This complex narrative reframes past historical events as repeating themselves in a futuristic setting. In the process, the novella confronts the intersecting issues of racism, colonialism, and neoliberalism that have historically beset nuclear decision-making in the United States. In the Cali-Texas reservation (and other reservations in the novel), the government keeps the poorest people under watch, deregulates capital, and implements forced labor for survival, leaving few to no opportunities for people born into the reservation to leave. When the mixed-race people who grew up on the reservation think they have found a way to escape the system of exploitation by helping deliver nuclear waste to the Moon, they discover instead that they are also considered part of the waste, and that the government has been literally disposing of former Moon techs (“tecos”) on the Moon along with the nuclear waste. The deliberate killing of these skilled-but-poor BIPOC workers is built into the project of lunar nuclear waste disposal.
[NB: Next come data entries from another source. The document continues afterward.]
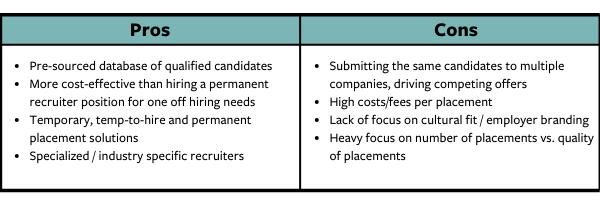 Recruitment Agencies Pros and Cons Chart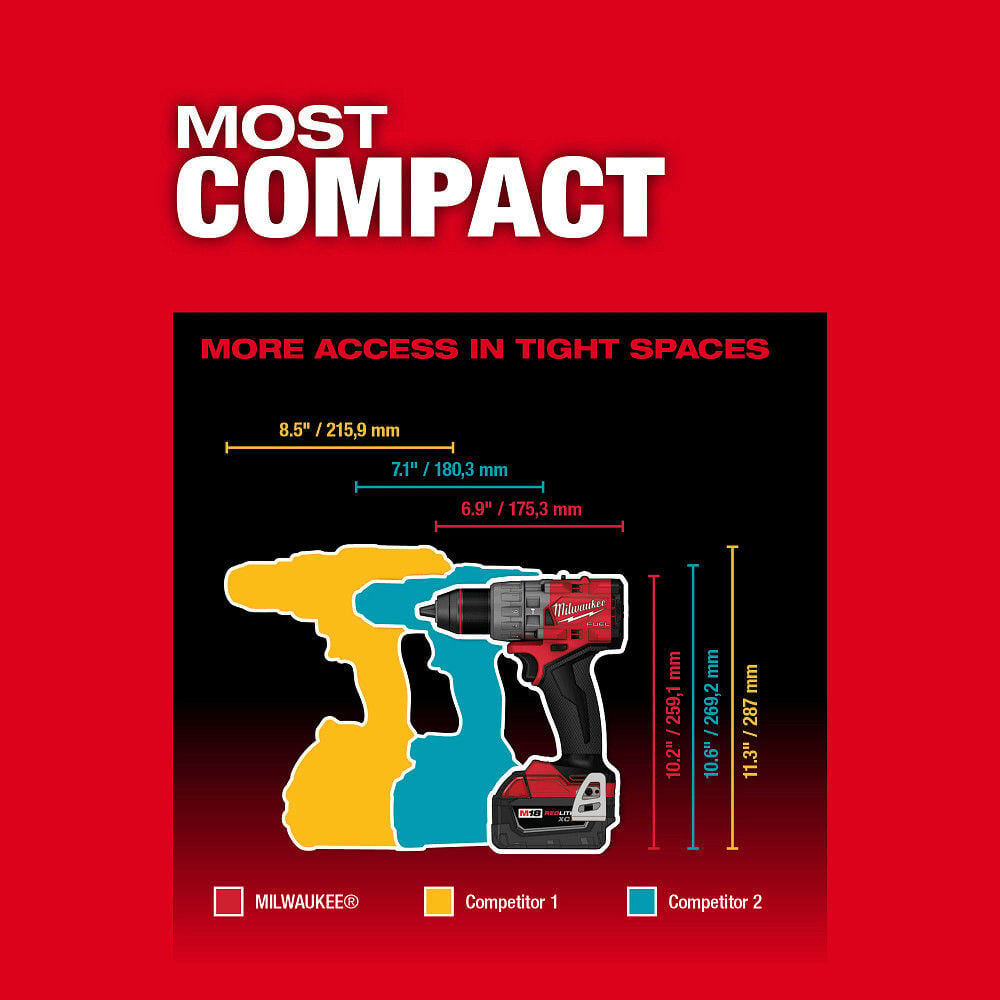 Milwaukee M18 FUEL 2 Tool Combo Kit, large image number 4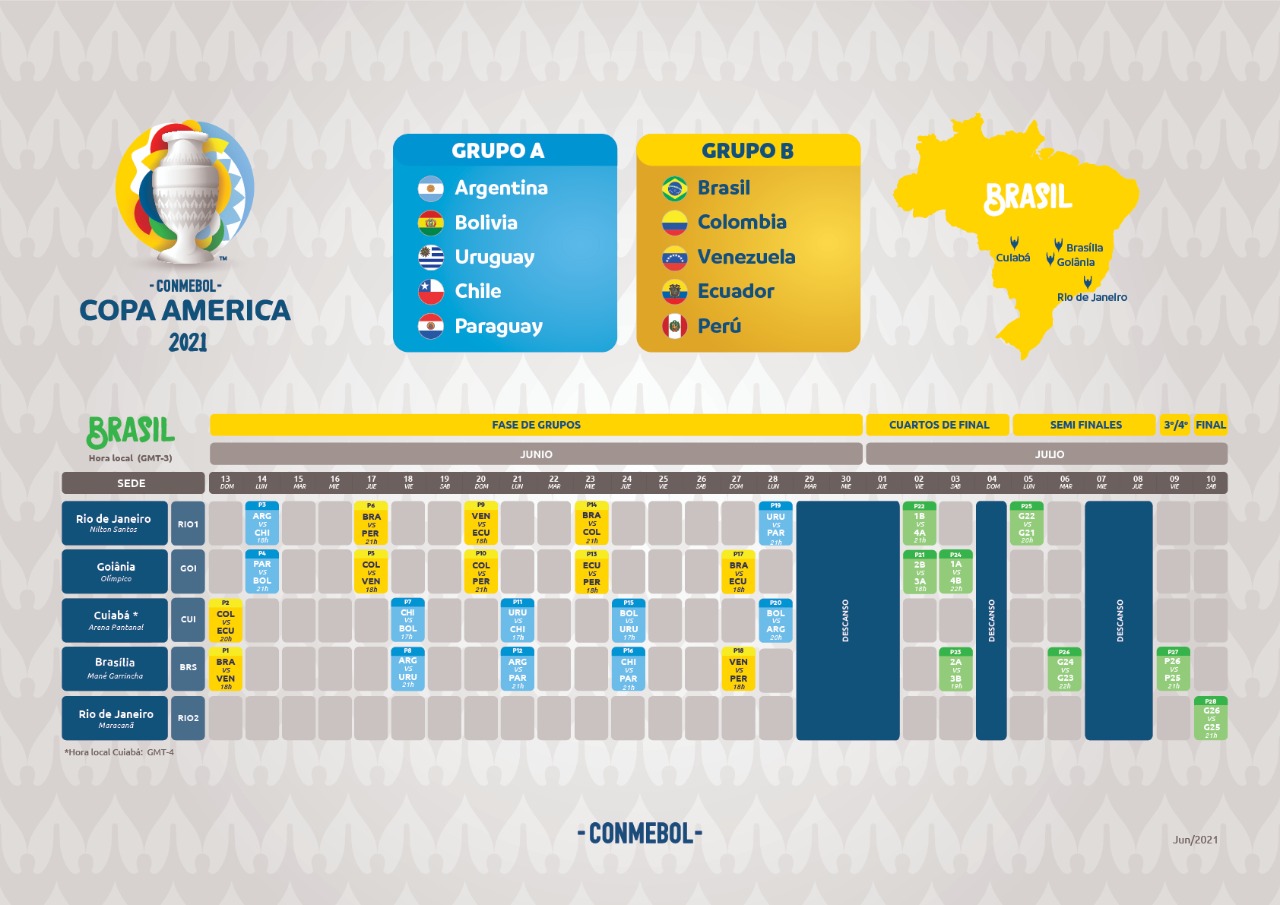 Tabela de jogos da Copa América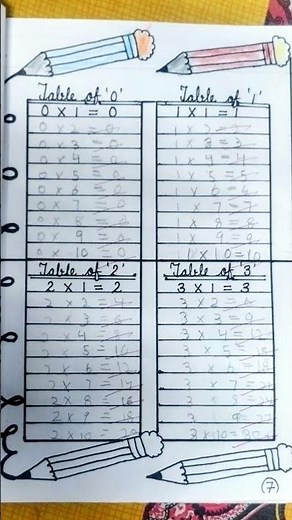 Class 1 Math Worksheet | Addition Practice for Kids | Easy Maths Activity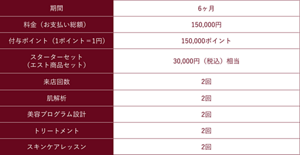 期間：6ヶ月/料金（お支払い総額）：150,000円/付与ポイント（1ポイント＝1円）：150,000ポイント/スターターセット（エスト商品セット）：30,000円（税込）相当/来店回数：2回/肌解析：2回/美容プログラム設計：2回/トリートメント：2回/スキンケアレッスン：2回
The idea that the world is running out of space to permanently dispose of nuclear waste on Earth is a fictional conceit of Lunar Braceros, but one with a real-world point. Today, countries around the world are only beginning to dispose of spent fuel, yet they are already struggling to find places to build facilities to store this waste. The United States lacks any plan for permanently storing its own high-level nuclear waste. Currently, existing spent fuel from commercial nuclear reactors in the U.S. is being stored in more than thirty states at ninety-four operating reactors and forty-two closed reactors.2 The waste sits in steel-lined concrete pools or steel-and-concrete casks. Additional nuclear waste includes spent fuel from powering the U.S. Navy’s operational fleet of nuclear ships and submarines, high-level waste from nuclear weapons production, and waste from a variety of other sources, such as uranium mining. In fact, more waste is being produced each year from military sources than from commercial sources: 2,400 metric tons of heavy metal (MTHM) of military waste versus 2,000 MTHM of commercial waste. This is important to note, since the current proposals for interim waste storage from the U.S. Department of Energy (DOE) only incorporate spent fuel waste from commercial reactors. The rest of the waste is not discussed.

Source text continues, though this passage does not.